Durante un buen rato estuve dándole vueltas a las palabras de mi amigo. Finalmente, volví a la redacción de mi texto y en el apartado de los agradecimientos, coloqué en primer lugar, por delante de mi director de tesis, el nombre de fray Sebastián Bermúdez. Luego pasé a las siguientes páginas, pertenecientes a la Introducción, e hice algunas correcciones.
Y a eso de las siete de la tarde, lo sé porque instintivamente consulté mi reloj de muñeca, algo me hizo separar la vista de la pantalla del ordenador. No sé explicar qué fue, si un leve ruido de pasos o un bisbiseo de voces a mis espaldas o simplemente un ligero temblor de la luz externa que entraba por la ventana o la de la lámpara del escritorio. El indefinido fenómeno sólo duró unos segundos, pero fueron lo suficientemente intensos para que todo mi cuerpo se estremeciera de arriba abajo. Respiré profundamente un par de veces y luego me noté algo más tranquilo. Seguí trabajando hasta las nueve y, notando mis ojos fatigados y la nuca dolorida, apagué el ordenador. Acto seguido abandoné la celda con la intención de dar un paseo por el claustro. Por el silencio y la soledad que se respiraba deduje lo fácil que debía de ser a los frailes hablar allí con Dios.  Aun así, el silencio me pareció más intenso que otras veces. En el cielo una nube tapaba a medias la luna y los rosales del jardín exhalaban una extraña fragancia, como si de pronto el perfume se hubiera vuelto tangible. Volví al interior del monasterio con una sensación extraña en el cuerpo. Subí la escalera y enfilé el pasillo donde se encontraba mi celda. Entonces descubrí al fraile servicial que venía a mi encuentro con una palmatoria encendida. Traía el semblante triste y a la luz de la llama de la palmatoria que llevaba descubrí lágrimas en sus ojos.
--Usted se llevaba bien con él, ¿verdad?—me dijo extendiéndome la mano de la lamparilla.
--¿Con quién?—pregunté asustado mientras el corazón empezaba a latirme en las sienes y a golpear con fuerza en mis costillas.
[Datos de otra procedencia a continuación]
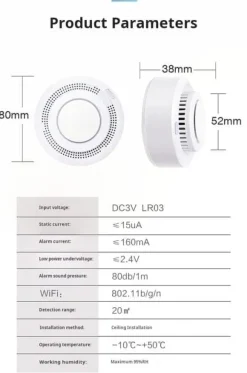 OBOSOE Smart WiFi røgdetektor – trådløs røgalarm med app-meddelelse (batteri medfølger ikke)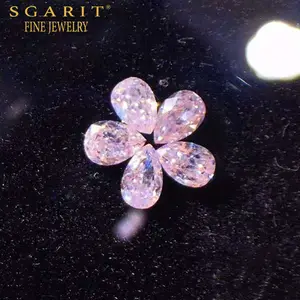 SGARIT pear切割高品质松散钻石，用于珠宝制作0.533ct SI-VS花式粉红色天然钻石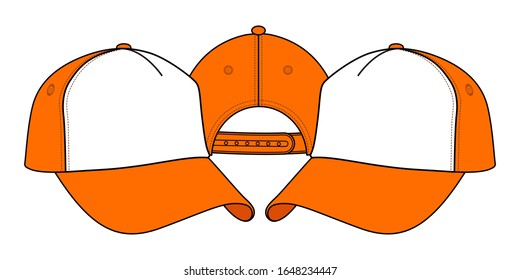 White-Orange Trucker Cap With Snap Back Closure Strap Design on White Background, Vector File.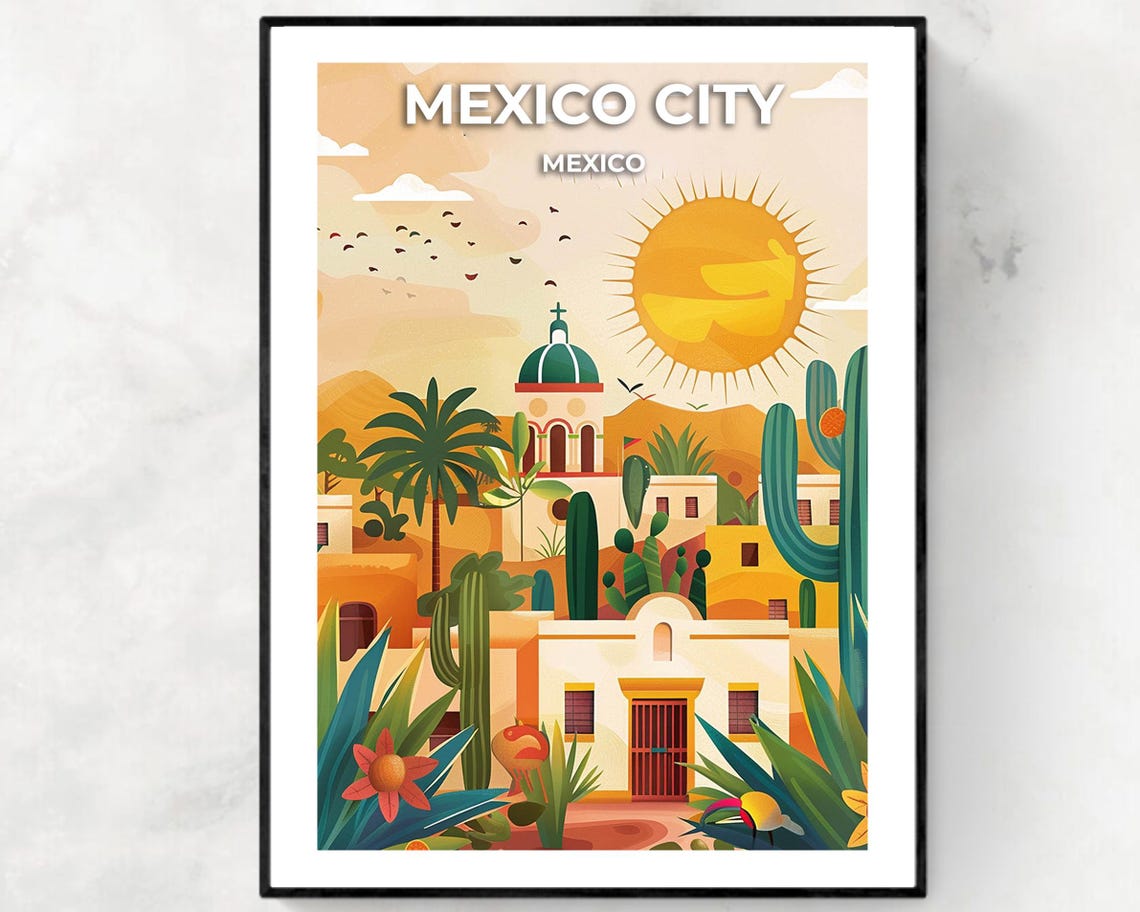 Mexico City Travel Print Wall Art Mexico City Mexico City Print Mexico City Travel Gift Mexico City City Poster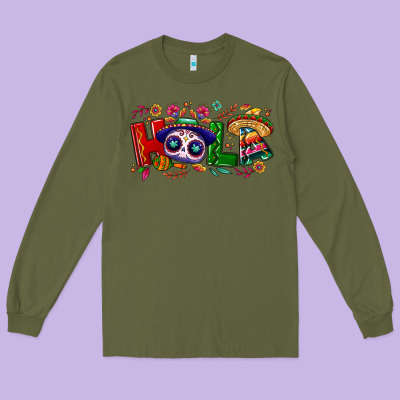 Hola Cinco De Mayo Long Sleeve Tee Designed By Nancycooperartshop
--¿No lo sabe? El padre Bermúdez ha muerto.
Me apoyé en la pared encalada para no caer al suelo. Con un hilo de voz le pregunté, sospechando que ya lo sabía, cuándo había muerto.
--Hace dos horas; a las siete de la tarde. El médico lo vio agitarse unos segundos antes de quedarse dormido en la paz del Señor. He venido hace un rato a decírselo, pero usted no estaba. ¿Sería tan amable de dejar esta palmatoria encendida en su celda toda la noche? Toda la comunidad va a hacer lo mismo en recuerdo del padre Bermúdez.
--Por supuesto—cogí la lamparilla--. ¿Puedo hacer algo más?
--Si quiere acompañarnos un rato en la capilla; estaremos rezando por su alma hasta el amanecer.
Dije que sí con la cabeza porque un nudo en la garganta me impidió pronunciar palabra. Y bajé a la iglesia aquella noche a rezar por el alma de mi viejo maestro y amigo el padre Bermúdez.
De eso ha pasado un año. Mi tesis doctoral lleva un mes felizmente publicada. Se la dedico al padre Sebastián Bermúdez con todo mi agradecimiento. Dios lo tenga en su gloria; yo lo tengo siempre en mi recuerdo.